Clarification / Fix: Prefer end-to-end comparisons on realistic workloads. Optimize for time-to-quality, not only for kernel-level or step-level speed.
Advanced Connections
Connection 1: Training Optimizations <-> ZeRO and Distributed State Management
Many optimizations interact directly with ZeRO-style state partitioning. A memory-saving change can increase communication, and a communication-saving change can demand more local memory. These decisions are coupled.

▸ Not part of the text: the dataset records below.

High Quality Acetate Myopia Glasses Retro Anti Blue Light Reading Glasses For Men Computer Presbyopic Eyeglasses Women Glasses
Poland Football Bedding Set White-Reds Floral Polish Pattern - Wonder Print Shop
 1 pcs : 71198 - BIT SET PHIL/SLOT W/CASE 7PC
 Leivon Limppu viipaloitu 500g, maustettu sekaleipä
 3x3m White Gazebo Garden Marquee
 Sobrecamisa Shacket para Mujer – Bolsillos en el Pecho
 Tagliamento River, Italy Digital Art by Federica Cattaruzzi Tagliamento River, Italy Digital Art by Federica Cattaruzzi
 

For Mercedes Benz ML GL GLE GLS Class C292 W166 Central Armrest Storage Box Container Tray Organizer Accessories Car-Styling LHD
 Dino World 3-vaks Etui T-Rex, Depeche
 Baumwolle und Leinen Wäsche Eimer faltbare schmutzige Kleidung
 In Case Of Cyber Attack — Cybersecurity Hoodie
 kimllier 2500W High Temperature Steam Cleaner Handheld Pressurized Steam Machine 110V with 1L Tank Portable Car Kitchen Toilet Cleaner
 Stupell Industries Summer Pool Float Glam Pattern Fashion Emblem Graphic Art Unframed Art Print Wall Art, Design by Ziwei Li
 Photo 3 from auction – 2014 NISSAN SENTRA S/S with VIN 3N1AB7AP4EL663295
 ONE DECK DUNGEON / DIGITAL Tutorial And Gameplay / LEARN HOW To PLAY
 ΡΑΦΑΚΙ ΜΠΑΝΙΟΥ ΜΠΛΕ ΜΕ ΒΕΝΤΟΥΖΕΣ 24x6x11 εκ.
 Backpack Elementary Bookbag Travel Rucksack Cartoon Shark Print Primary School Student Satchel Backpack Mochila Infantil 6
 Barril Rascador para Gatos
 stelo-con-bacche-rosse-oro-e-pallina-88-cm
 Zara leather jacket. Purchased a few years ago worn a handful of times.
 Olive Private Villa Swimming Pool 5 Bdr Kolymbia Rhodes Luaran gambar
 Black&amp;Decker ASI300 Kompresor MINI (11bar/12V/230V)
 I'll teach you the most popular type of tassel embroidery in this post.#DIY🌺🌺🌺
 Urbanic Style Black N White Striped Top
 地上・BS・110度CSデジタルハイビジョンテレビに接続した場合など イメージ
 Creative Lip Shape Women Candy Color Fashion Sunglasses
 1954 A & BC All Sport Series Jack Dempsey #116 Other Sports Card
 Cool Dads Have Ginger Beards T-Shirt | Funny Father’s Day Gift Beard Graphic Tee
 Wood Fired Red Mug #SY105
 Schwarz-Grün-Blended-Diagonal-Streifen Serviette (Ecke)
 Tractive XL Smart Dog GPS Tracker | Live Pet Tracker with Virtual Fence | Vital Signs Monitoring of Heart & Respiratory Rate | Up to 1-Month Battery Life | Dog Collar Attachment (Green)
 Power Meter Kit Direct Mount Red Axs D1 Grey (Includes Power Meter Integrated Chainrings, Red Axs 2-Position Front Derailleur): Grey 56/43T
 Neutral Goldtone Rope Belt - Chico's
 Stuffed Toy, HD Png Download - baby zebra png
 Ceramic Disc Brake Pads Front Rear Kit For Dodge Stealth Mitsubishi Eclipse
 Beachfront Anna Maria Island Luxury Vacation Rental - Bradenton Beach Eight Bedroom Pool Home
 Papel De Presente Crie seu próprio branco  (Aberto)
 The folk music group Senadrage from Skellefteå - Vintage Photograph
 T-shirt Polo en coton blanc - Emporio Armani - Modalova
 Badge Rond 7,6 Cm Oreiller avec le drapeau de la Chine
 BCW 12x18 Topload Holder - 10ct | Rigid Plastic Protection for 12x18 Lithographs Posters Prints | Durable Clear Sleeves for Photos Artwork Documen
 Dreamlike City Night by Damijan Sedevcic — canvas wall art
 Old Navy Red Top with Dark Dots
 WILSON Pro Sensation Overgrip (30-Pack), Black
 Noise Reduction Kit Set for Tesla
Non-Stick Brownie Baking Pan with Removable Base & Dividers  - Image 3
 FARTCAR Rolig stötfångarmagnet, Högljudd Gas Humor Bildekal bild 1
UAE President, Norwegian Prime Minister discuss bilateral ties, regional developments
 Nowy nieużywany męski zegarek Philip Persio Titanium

Connection 2: Training Optimizations <-> PEFT
The reason PEFT methods become so compelling later in the month is that full-model training is expensive in exactly the dimensions studied here: memory, throughput, optimizer state, and system complexity.
Resources
Optional Deepening Resources
-
[PAPER] Mixed Precision Training
- Focus: Why lower precision can speed up training while preserving model quality when handled carefully.
-
[PAPER] FlashAttention: Fast and Memory-Efficient Exact Attention with IO-Awareness
- Focus: A concrete example of optimizing attention by targeting memory movement rather than only FLOPs.
-
[DOC] PyTorch Performance Tuning Guide
- Focus: Practical optimization levers around kernels, dataloading, and execution behavior.
-
[DOC] NVIDIA Megatron-LM
- Focus: A real training stack where many large-scale optimization ideas are combined in practice.
Key Insights
- Optimization starts with bottlenecks, not with tricks - the useful change depends on what the training system is actually waiting on.
- Most improvements are exchanges, not freebies - memory, compute, communication, and stability are constantly being traded against each other.
- The real objective is time-to-quality, not just faster steps - end-to-end convergence efficiency matters more than local benchmark wins.